In some cases, the component is a standalone system and doesn’t have any dependencies on any other aircraft systems. In most cases, the new system adds to existing functionality, and you will need to be consistent in your approach to integration.
Understanding the “what” and “why” rationale for a component will help you determine the “how” for integrating its functionality into the system. Below is an example of how you can set up your task analysis for aviation related functions.
2) Consult the almighty standards!
Military and civil aviation governing bodies reference tons of standards and specifications for almost all elements of aircraft design, including standard display symbology, personnel accommodation requirements, lighting requirements, and even acceptable color palettes!
Customers may not always reference standards or specifications that outline what you need to design to, or worse… they reference ALL the standards, and you are left dealing with conflicting design requirements. Regardless, there’s a wealth of knowledge and information that you can gather from existing standards.
However, feel free to tailor the application of these standards and design recommendations to fit the needs of your platform or customer. Some examples of go-to standards would be:
· MIL-STD-1472, Department of Defense Design Criteria Standard: Human Engineering
· MIL-STD-2525, Department of Defense Design Interface Standard: Common Warfighting Symbology
· SAE ARP, Society of Automotive Engineers (SAE) Aerospace Recommended Practice (ARP) 4102 Flight Deck Panels, Controls, and Displays
3) Stay in the “Zone”!
When adding new control panels to a console, you need to prioritize the most important controls to the most reachable locations on a console. Therefore, you need to know your zones and then design your console as appropriate for those zones. The Military Standard: Aircrew Station Geometry for Military Aircraft (MIL-STD-1333B) helps illustrate these Reach Zones for you in detail, but here is a high-level overview of the zone definitions:
Zone 1 Reach: This is defined as fully restrained (harness locked) and equipped (“full combat load”) without stretching arm or shoulder muscles — Imagine you are pulling G’s and you are pressed up against your seat… what controls will you need to access when in this position? You guessed it! Emergency controls! Preserve emergency operation controls for Zone 1 Reach.

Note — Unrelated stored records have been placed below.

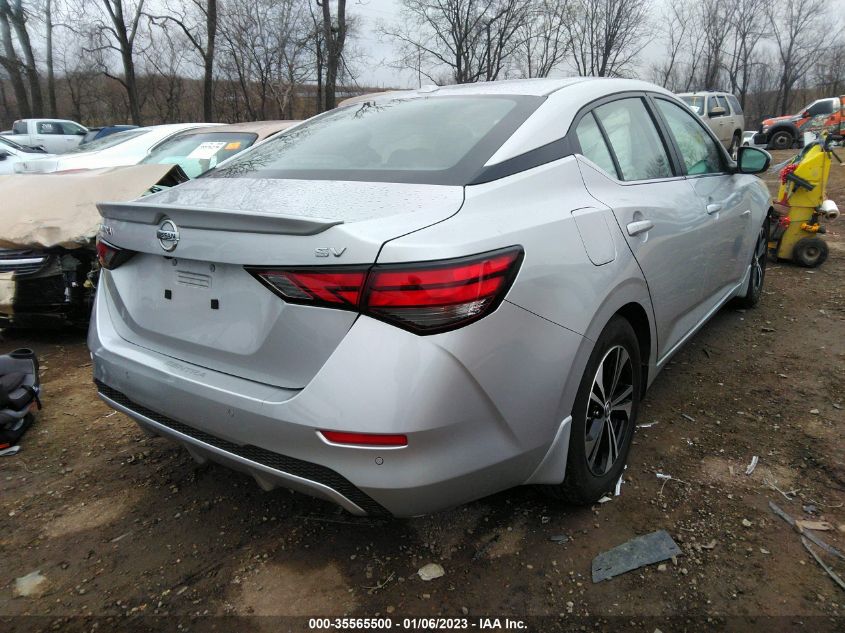 2022 NISSAN SENTRA SV VIN: 3N1AB8CV5NY211425
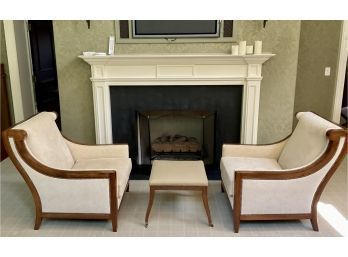 Pr. Quality Oversized Upholstered Chairs (CTF50)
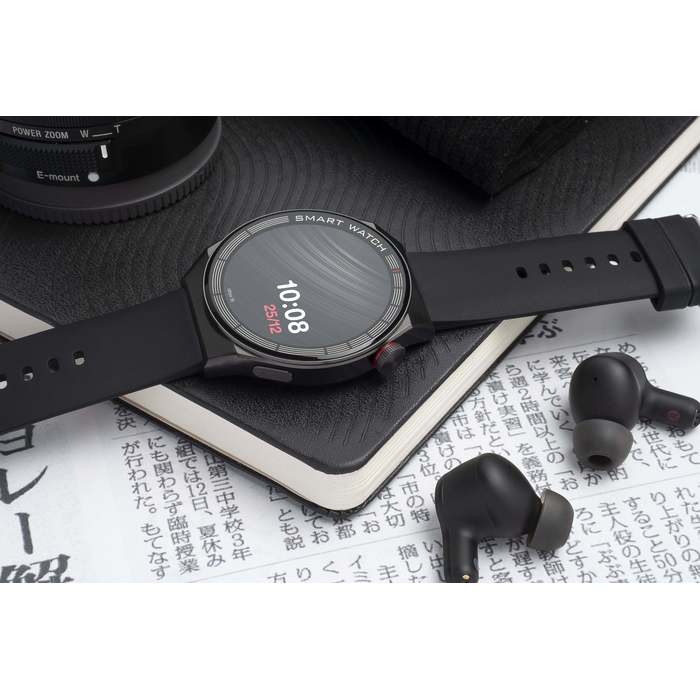 Abyx Fit - K2 - Montre connectée - Noire - flash vidéo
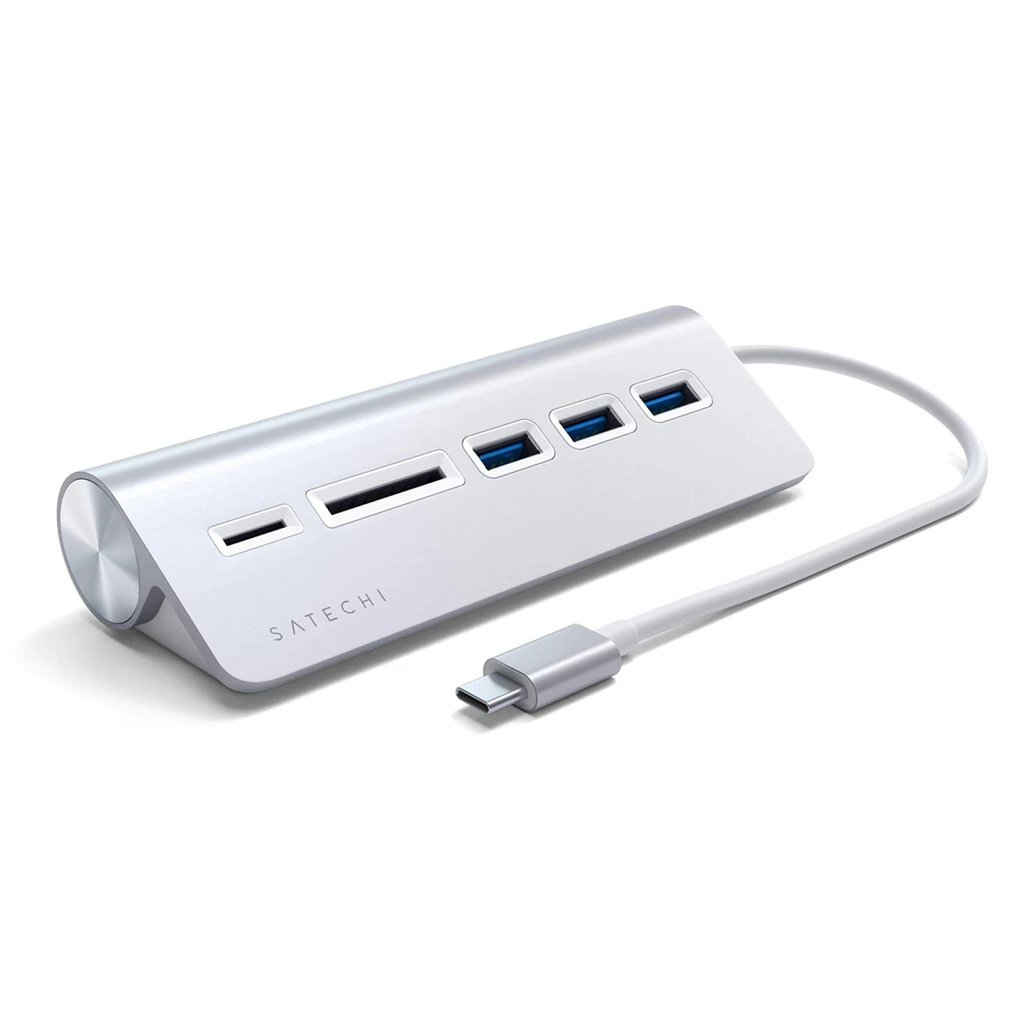Satechi Aluminum USB 3.0 Hub & Card Reader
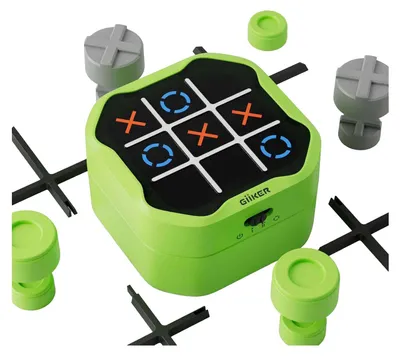 Immagine prodotto di GiiKER Tic Tac Toe Bolt, console portatile puzzle game 3 in 1/giochi di viaggio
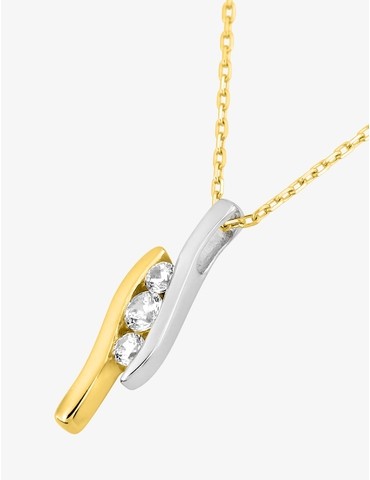 Collier or jaune 750 ‰,...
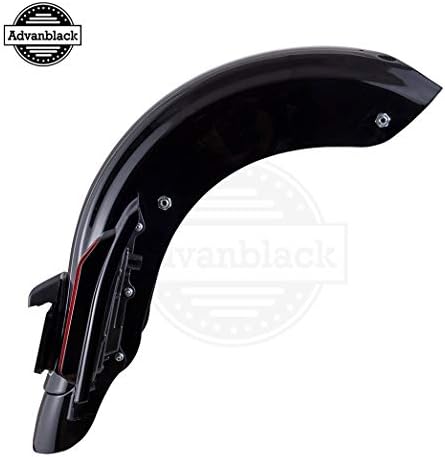 Advanblack Charcoal Denim Color-Matched CVO Style Rear Fender Kit For 2014-2019 Harley Touring Street Glide Road King Road Glide Special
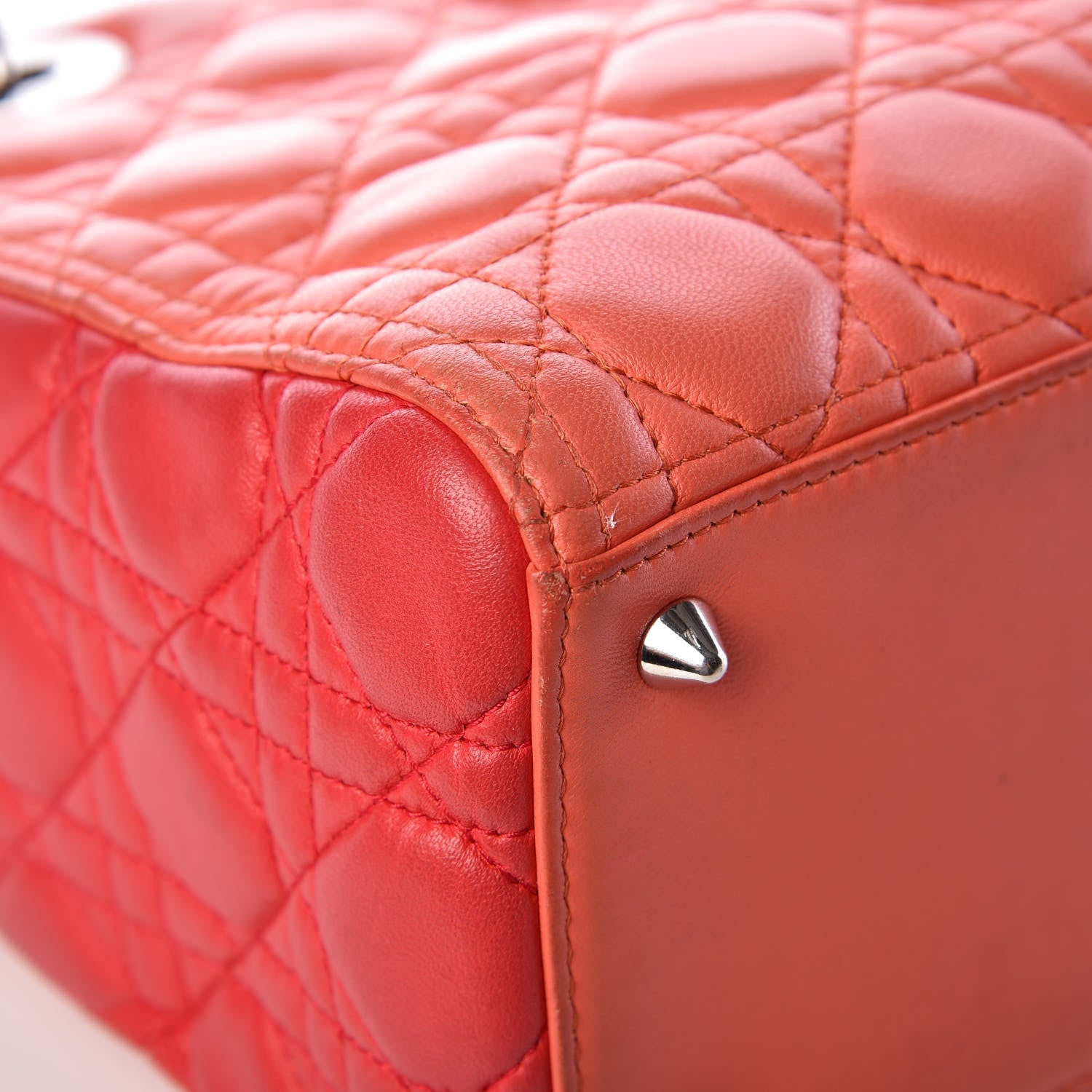 Christian Dior Lambskin Cannage Medium Tri-Color Lady Dior Pink 12 of 13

Zone 2 Reach: This is defined as harness locked, seated upright with maximum extension from the shoulders — Imagine a toddler in a car seat stretching to reach their brother’s ice cream cone. You have some reach in you, but you are still very restricted. “Essential” controls should be located within Zone 2 Reach. And in this case, essential controls are dictated by the mission profile of the aircraft. So, if you are working on a Search and Rescue aircraft, your essential controls would be searchlight controls, rescue hoist controls, or electro-optical/infrared sensor controls. If you are on an attack or assault aircraft, weapons controls and safety interlocks need to be located within Zone 2 Reach.
Zone 3 Reach: This is defined as harness unlocked, giving the operator the ability to freely move their shoulders and torso to the maximum limit permitted by the restraint system or their own physical limitations. Non-critical or non-essential controls should be located within Zone 3 Reach. That’s where we put those trusty “set it and forget it” controls. It keeps those controls still within reach if and when they are needed but prioritizes Zone 1 and 2 Reach access for mission-essential or safety-of-flight critical controls.
4) Consistency is key!
When designing something from scratch, applying ALL the human factors principles is a Human Factors Engineer’s dream…unfortunately, that’s never the case when integrating into existing platforms. Design paradigms, whether you agree with them or not, already exist. Sometimes breaking those paradigms is warranted.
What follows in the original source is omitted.